Captioned web image data:
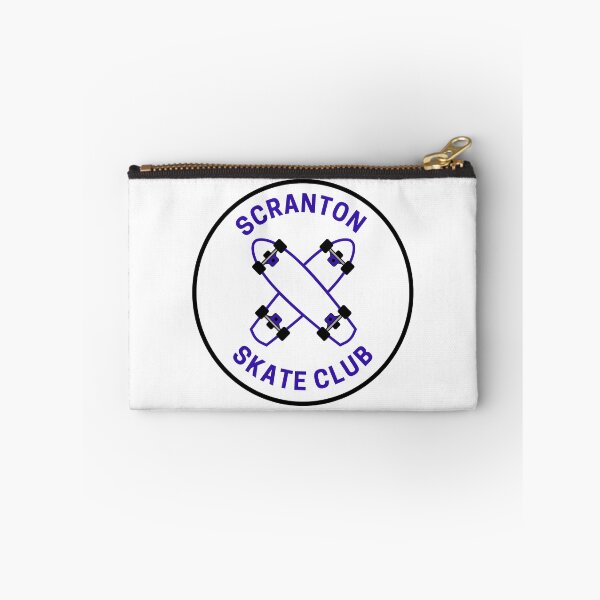 Item preview, Vintage Scranton Pennsylvania Skate Club designed and sold by fearcity.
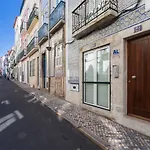 FLH São Bento Cozy Flats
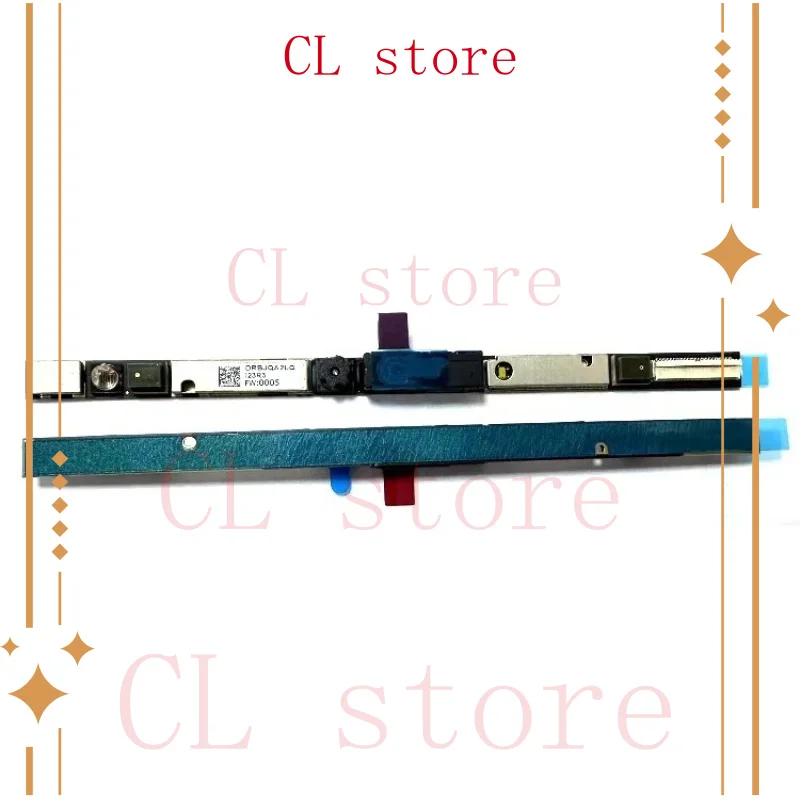 

N09654-001 Новая веб-камера с внутренней камерой для ноутбука HP Envy X360 15-EW 15T-EW 15-EY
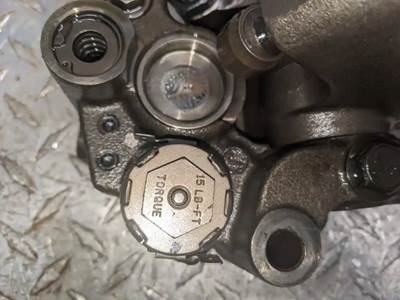 Paccar MX-13 Rocker Arm for a 2016 Peterbilt 579 For Sale | Kankakee ...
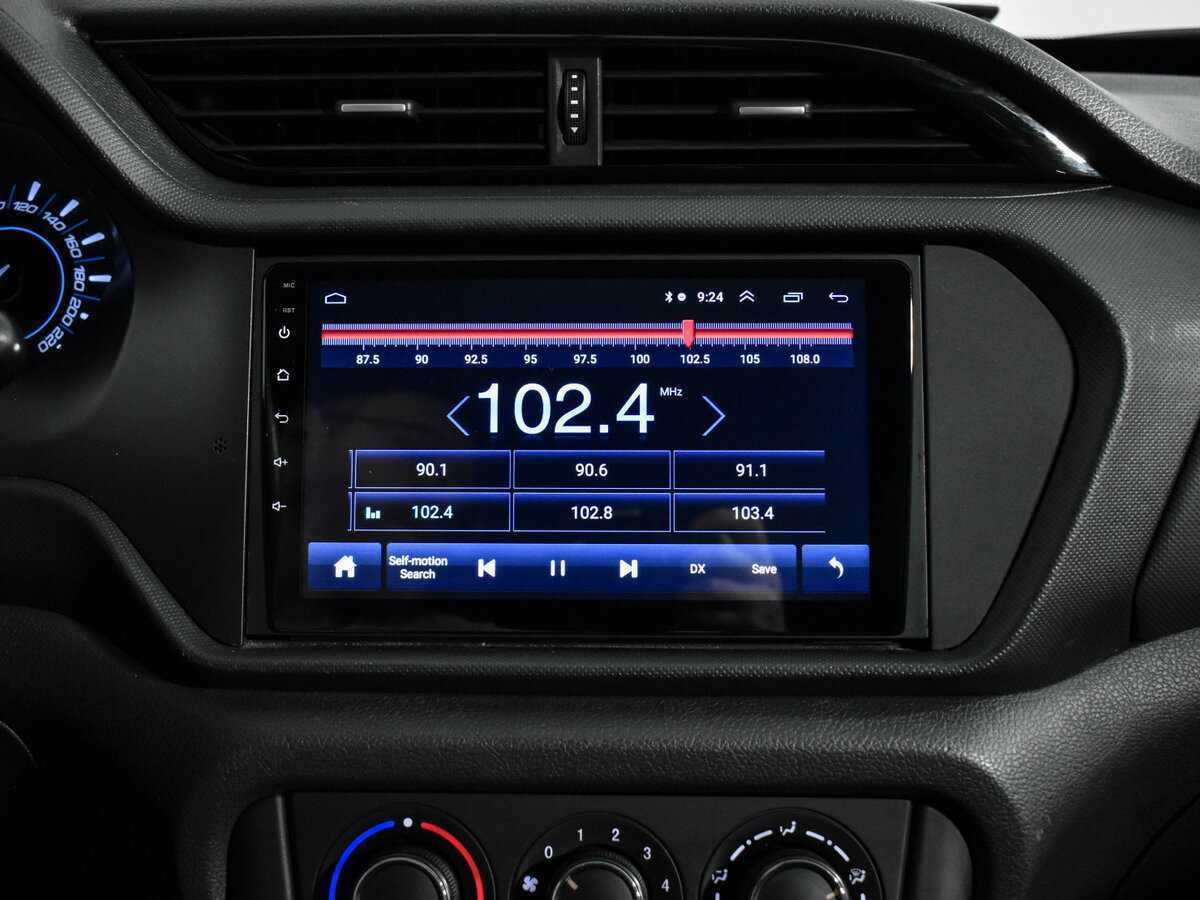 Chery Tiggo 3 2019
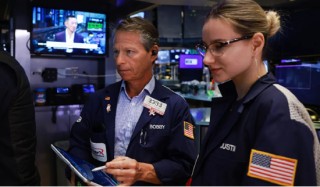 盘前：纳指期货涨0.6% 威廉姆斯重燃12月降息期望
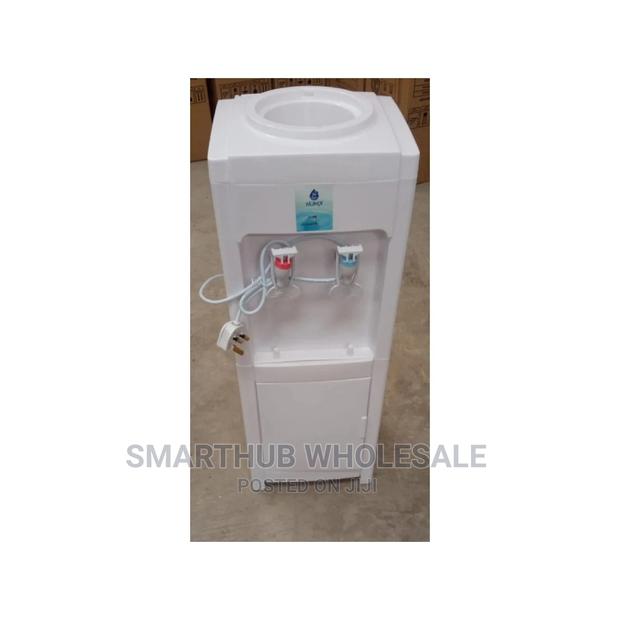 Nunix -S Dispenser - thumbnail 2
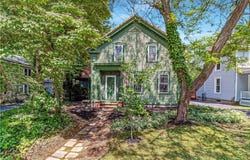 75 S Portage Street, Westfield, NY 14787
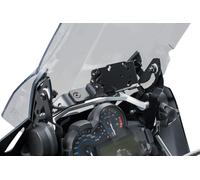Sw-motech Bmw R1250gs Abs 19-23 Sct.07.174.10800/b Windshield Silver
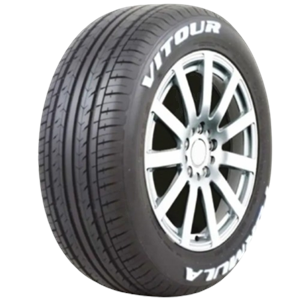 215/50/13 85H FORMULA (BEYAZ YAZILI) VITOUR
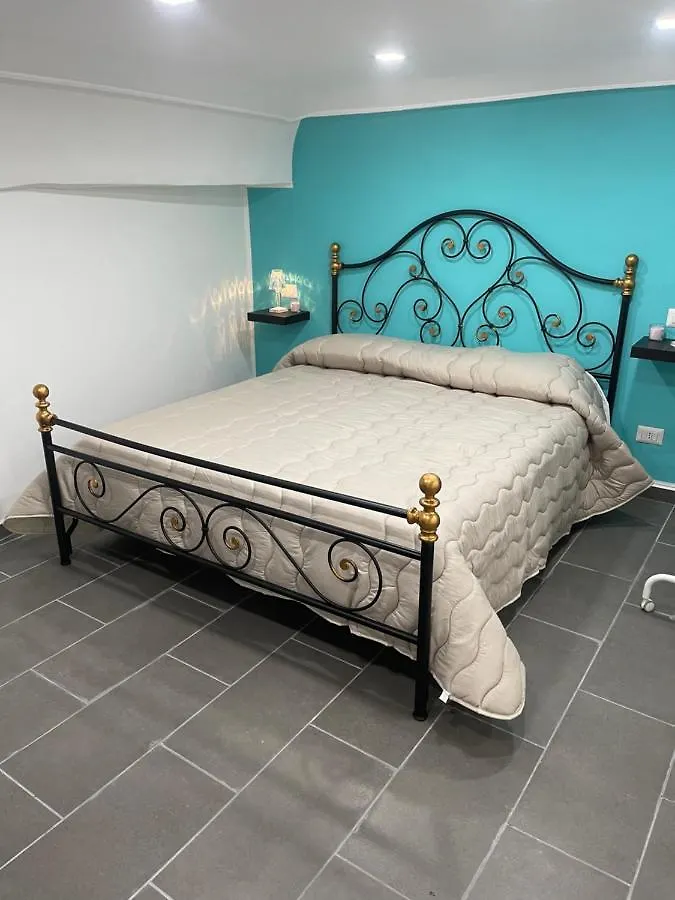 Διαμέρισμα Holiday Apartament Κατάνια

*Prompt:* Repeat every record above exactly, but leave out any pictures.

*Result of this task:*
 Item preview, Vintage Scranton Pennsylvania Skate Club designed and sold by fearcity.
 FLH São Bento Cozy Flats

N09654-001 Новая веб-камера с внутренней камерой для ноутбука HP Envy X360 15-EW 15T-EW 15-EY
 Paccar MX-13 Rocker Arm for a 2016 Peterbilt 579 For Sale | Kankakee ...
 Chery Tiggo 3 2019
 盘前：纳指期货涨0.6% 威廉姆斯重燃12月降息期望
 Nunix -S Dispenser - thumbnail 2
 75 S Portage Street, Westfield, NY 14787
Sw-motech Bmw R1250gs Abs 19-23 Sct.07.174.10800/b Windshield Silver
 215/50/13 85H FORMULA (BEYAZ YAZILI) VITOUR
 Διαμέρισμα Holiday Apartament Κατάνια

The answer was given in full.